Activity:
Reproduce the following records exactly from the line containing "Frontansicht eines lockeren" onward, ending with the last line and including it.

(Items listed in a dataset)
-- Opening Marker --
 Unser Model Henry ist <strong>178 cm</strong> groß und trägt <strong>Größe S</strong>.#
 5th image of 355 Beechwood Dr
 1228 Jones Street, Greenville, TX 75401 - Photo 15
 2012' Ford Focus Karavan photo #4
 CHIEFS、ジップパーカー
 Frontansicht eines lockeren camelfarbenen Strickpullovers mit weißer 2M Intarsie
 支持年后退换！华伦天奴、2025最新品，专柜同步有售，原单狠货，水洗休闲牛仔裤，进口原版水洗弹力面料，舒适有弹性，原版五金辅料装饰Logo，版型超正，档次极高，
-- Closing Marker --
Answer to the exercise:
 Frontansicht eines lockeren camelfarbenen Strickpullovers mit weißer 2M Intarsie
 支持年后退换！华伦天奴、2025最新品，专柜同步有售，原单狠货，水洗休闲牛仔裤，进口原版水洗弹力面料，舒适有弹性，原版五金辅料装饰Logo，版型超正，档次极高，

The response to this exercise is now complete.